**WHAT TO DO**
Restate, exactly as written, the entries below from the line that holds "AFGK God Father Judgement Tee" through the line that holds "Quesadilla du Restaurant". Pictures are not part of the copy.

Source records
- - - - -
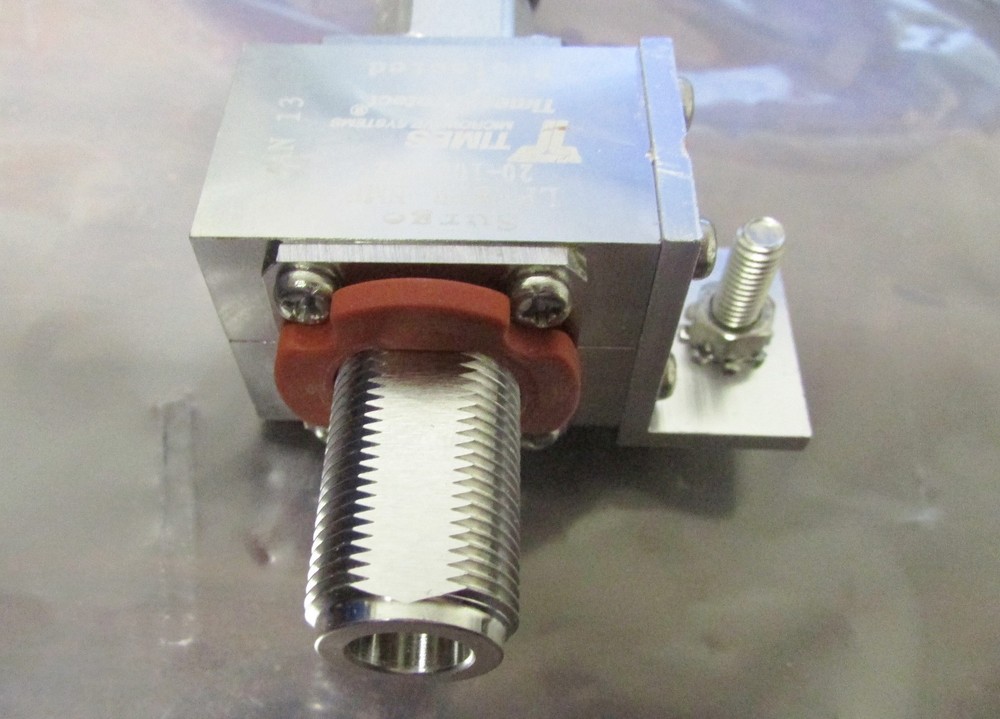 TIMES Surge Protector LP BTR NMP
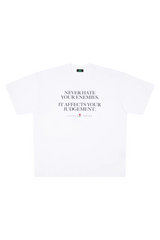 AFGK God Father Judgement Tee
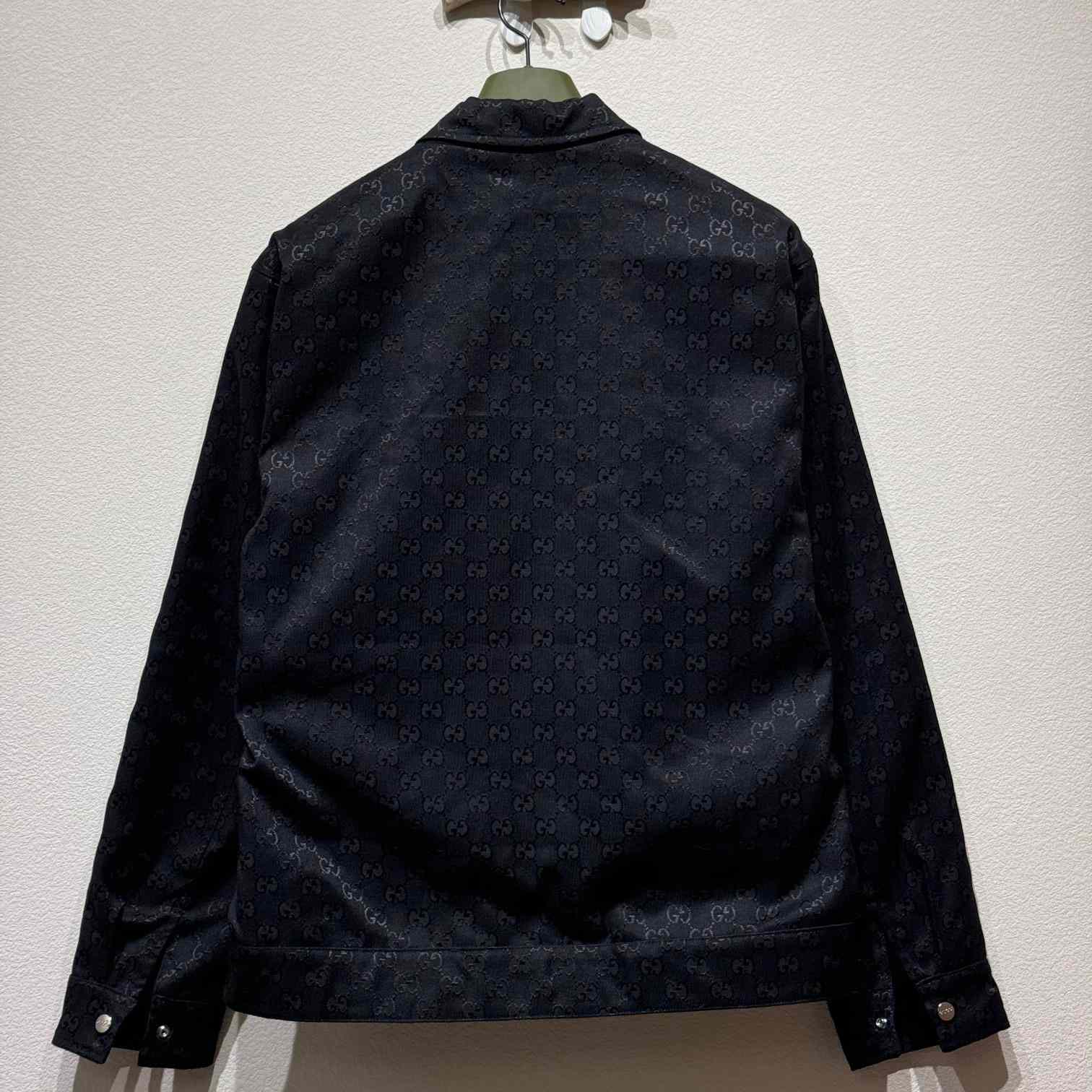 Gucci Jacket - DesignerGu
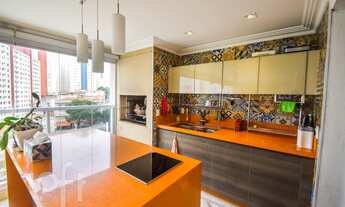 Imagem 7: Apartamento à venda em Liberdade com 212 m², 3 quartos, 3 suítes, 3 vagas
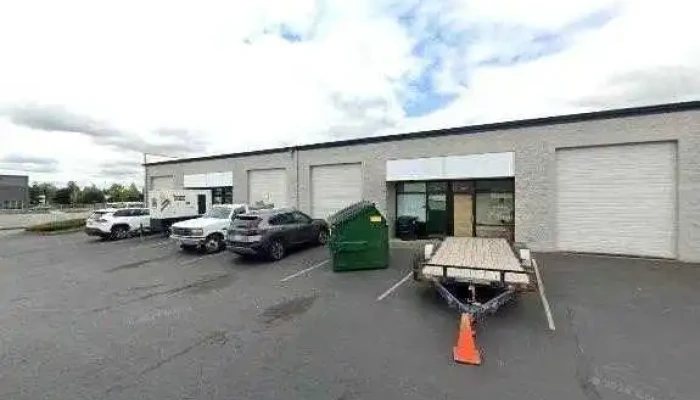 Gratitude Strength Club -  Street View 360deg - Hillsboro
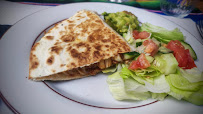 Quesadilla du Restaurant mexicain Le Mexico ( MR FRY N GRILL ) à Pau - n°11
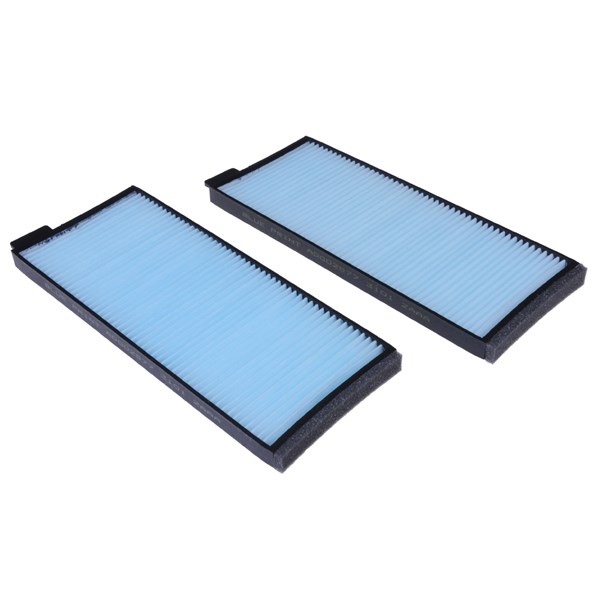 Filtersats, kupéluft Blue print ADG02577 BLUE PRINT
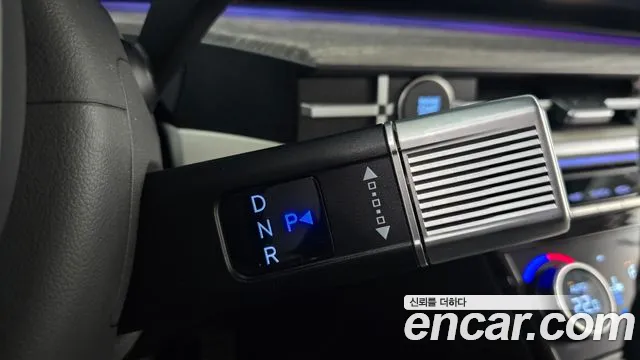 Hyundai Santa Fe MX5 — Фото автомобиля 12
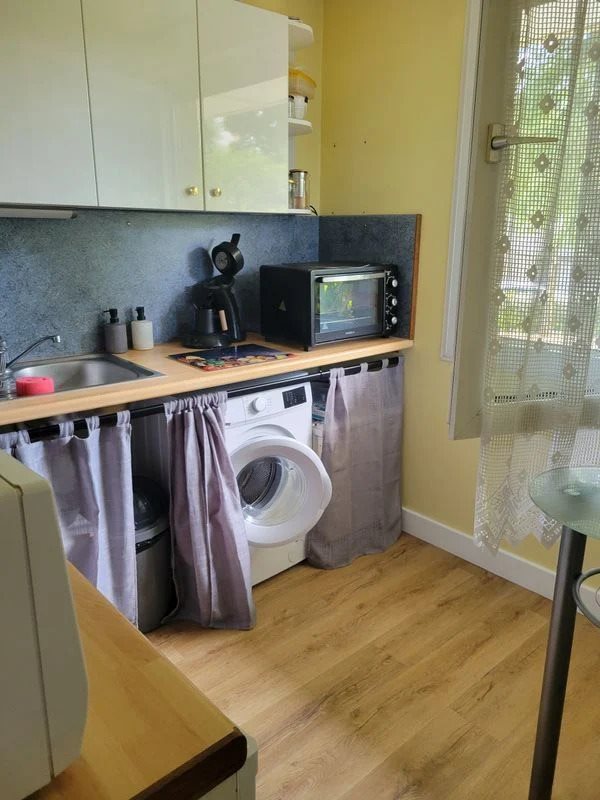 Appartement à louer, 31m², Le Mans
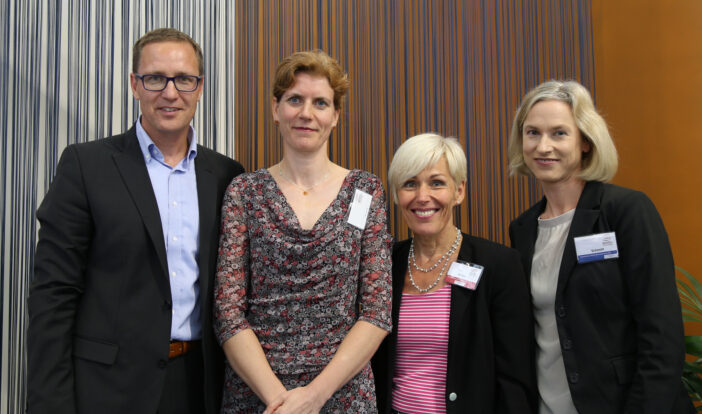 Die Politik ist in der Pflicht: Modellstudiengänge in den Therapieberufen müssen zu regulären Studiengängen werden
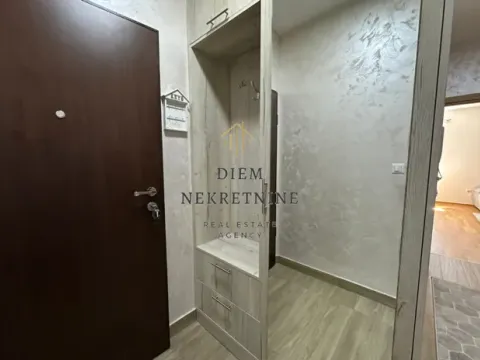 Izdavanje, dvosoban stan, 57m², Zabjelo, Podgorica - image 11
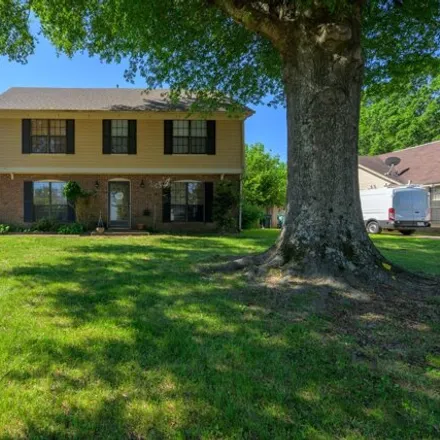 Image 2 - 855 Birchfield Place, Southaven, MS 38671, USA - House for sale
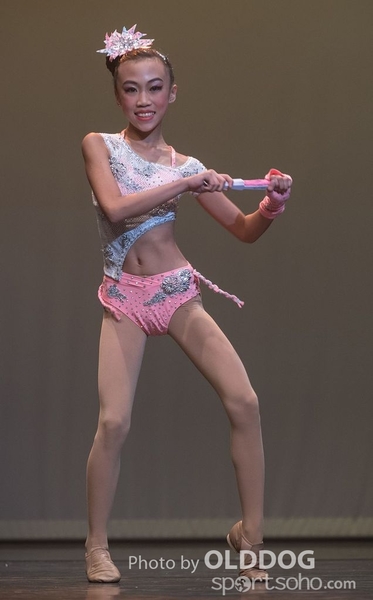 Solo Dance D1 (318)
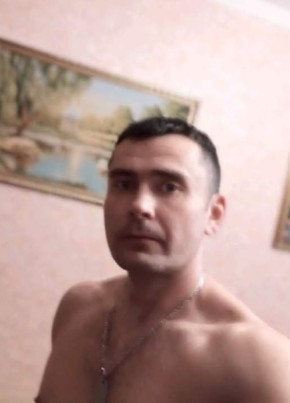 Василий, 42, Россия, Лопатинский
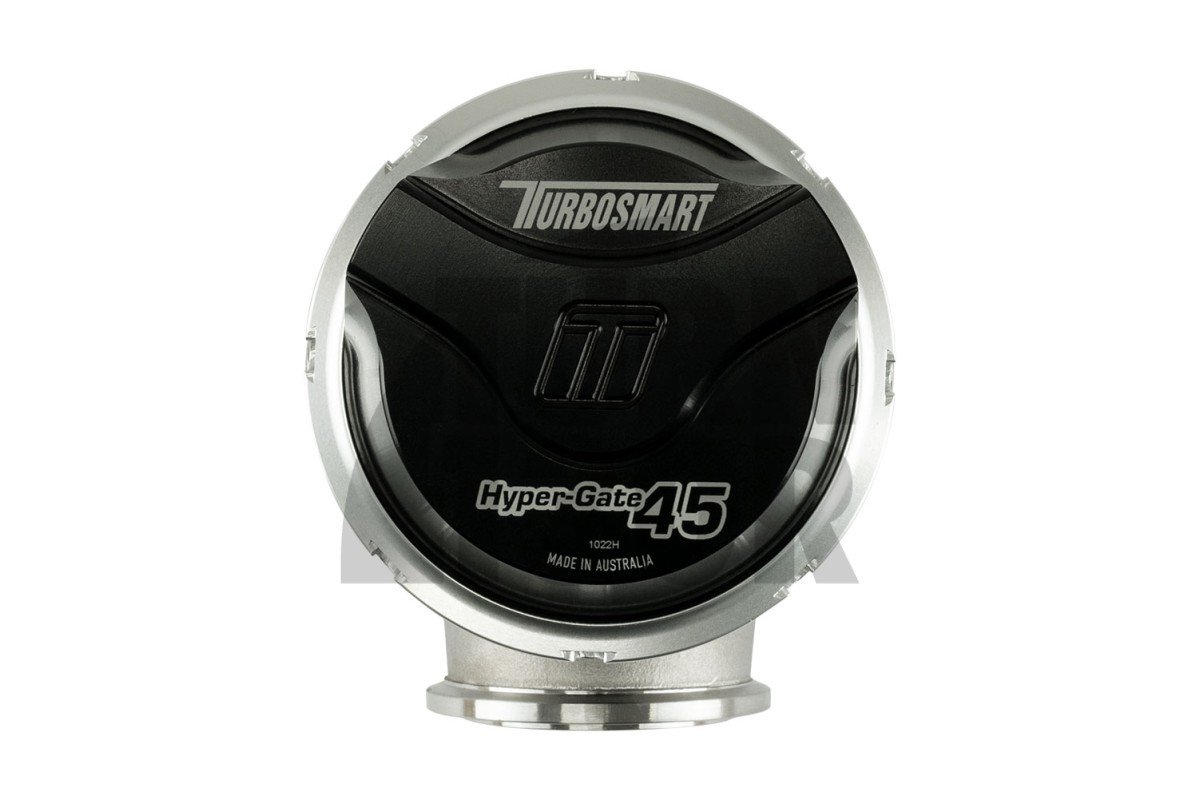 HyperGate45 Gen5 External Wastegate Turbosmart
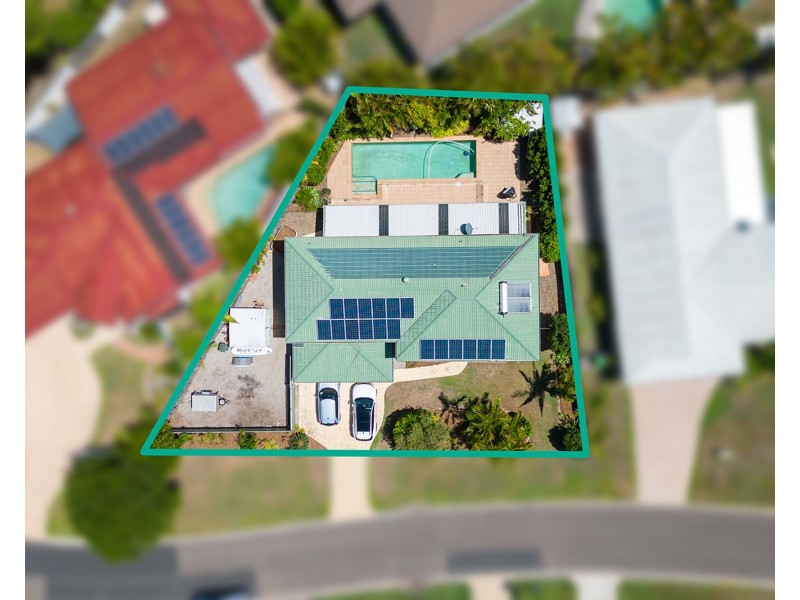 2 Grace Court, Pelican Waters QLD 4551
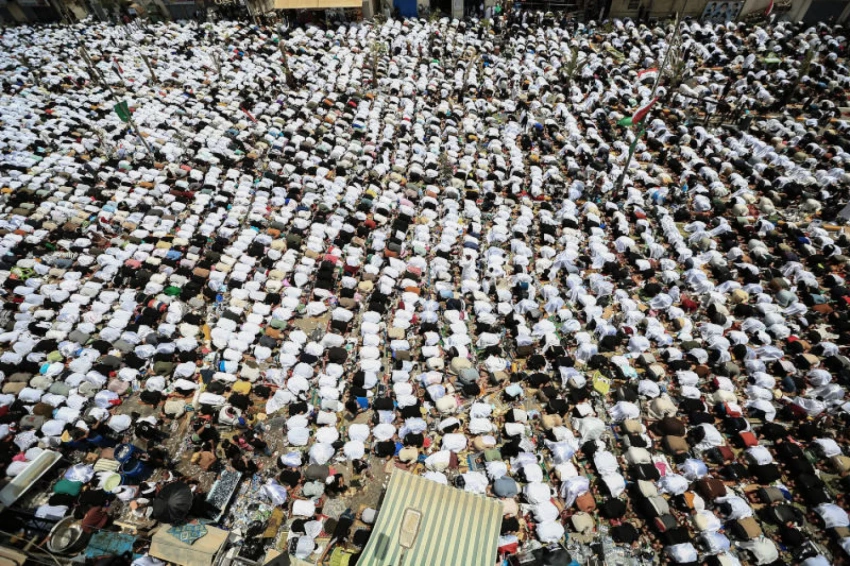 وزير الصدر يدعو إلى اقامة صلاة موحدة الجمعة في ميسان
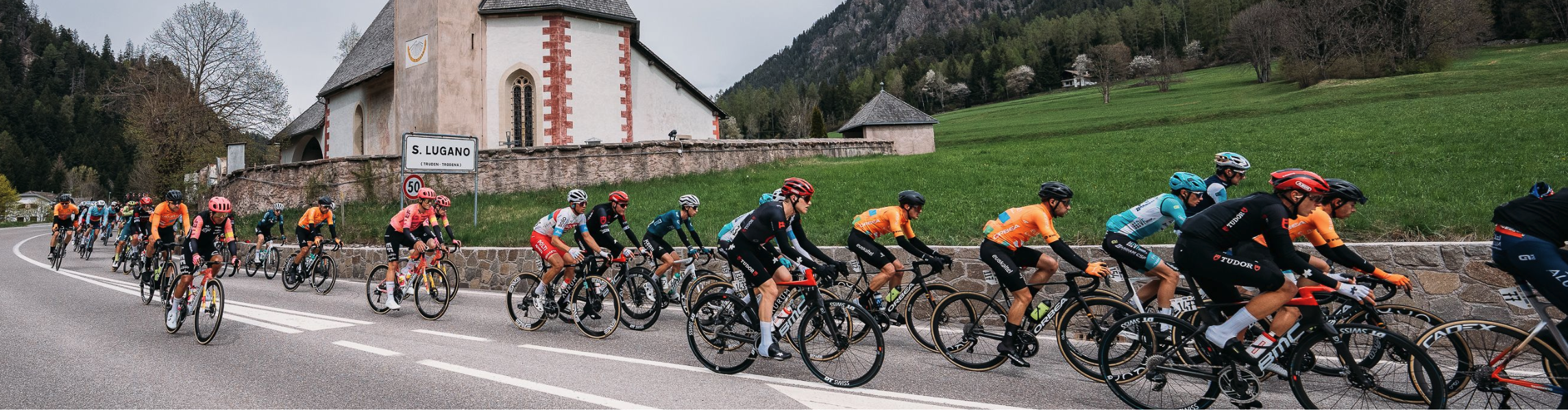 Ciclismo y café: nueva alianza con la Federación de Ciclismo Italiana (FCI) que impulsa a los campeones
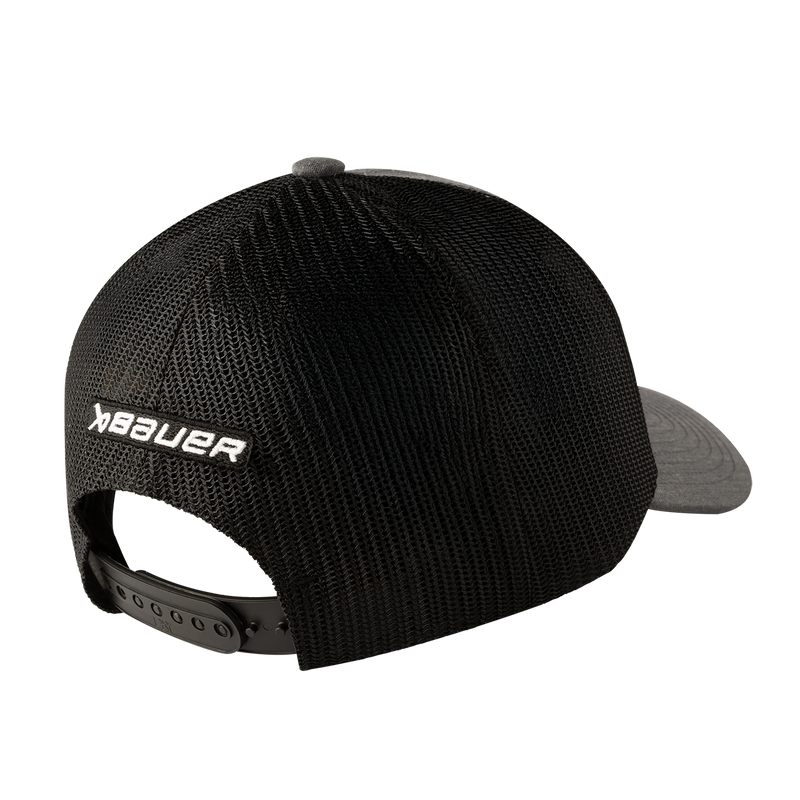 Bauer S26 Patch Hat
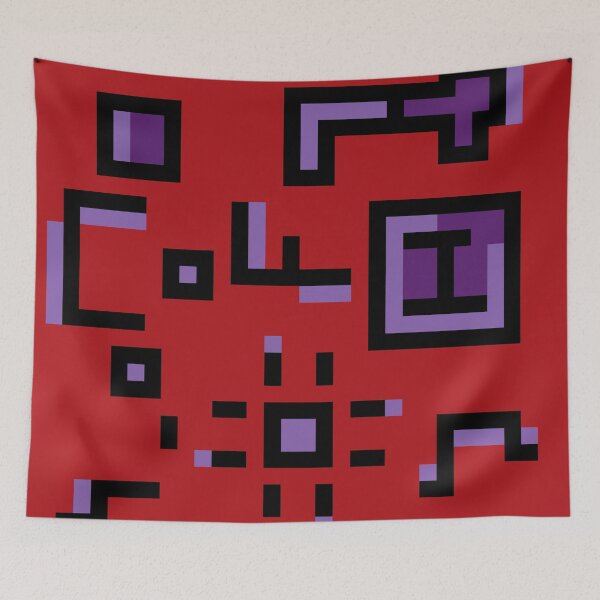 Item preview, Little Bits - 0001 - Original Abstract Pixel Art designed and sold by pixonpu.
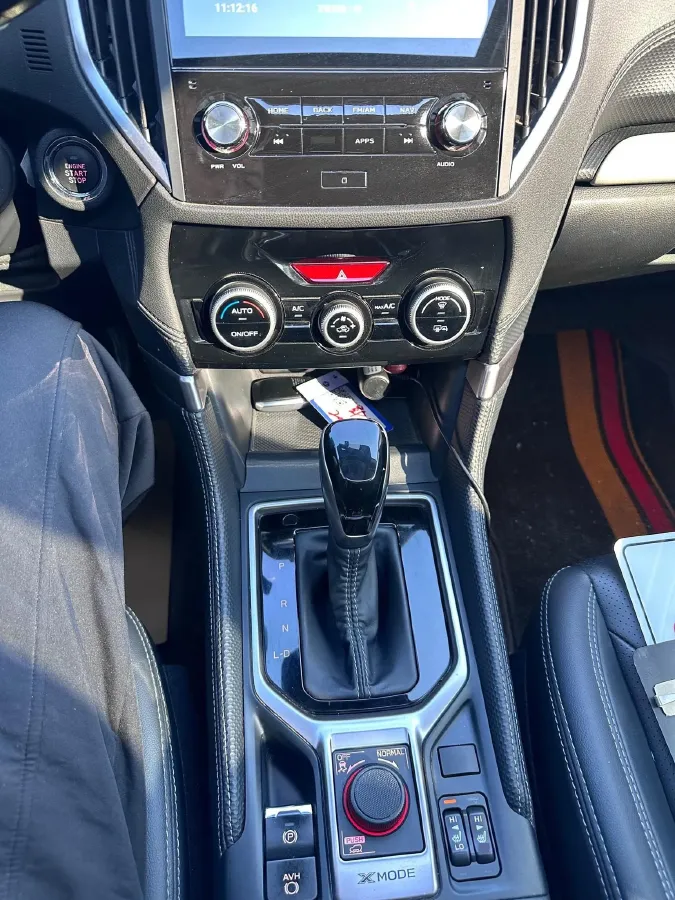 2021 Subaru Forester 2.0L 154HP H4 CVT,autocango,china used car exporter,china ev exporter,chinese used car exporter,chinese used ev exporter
- - - - -
**WRITTEN ANSWER**
 AFGK God Father Judgement Tee
 Gucci Jacket - DesignerGu
 Imagem 7: Apartamento à venda em Liberdade com 212 m², 3 quartos, 3 suítes, 3 vagas
 Gratitude Strength Club -  Street View 360deg - Hillsboro
 Quesadilla du Restaurant mexicain Le Mexico ( MR FRY N GRILL ) à Pau - n°11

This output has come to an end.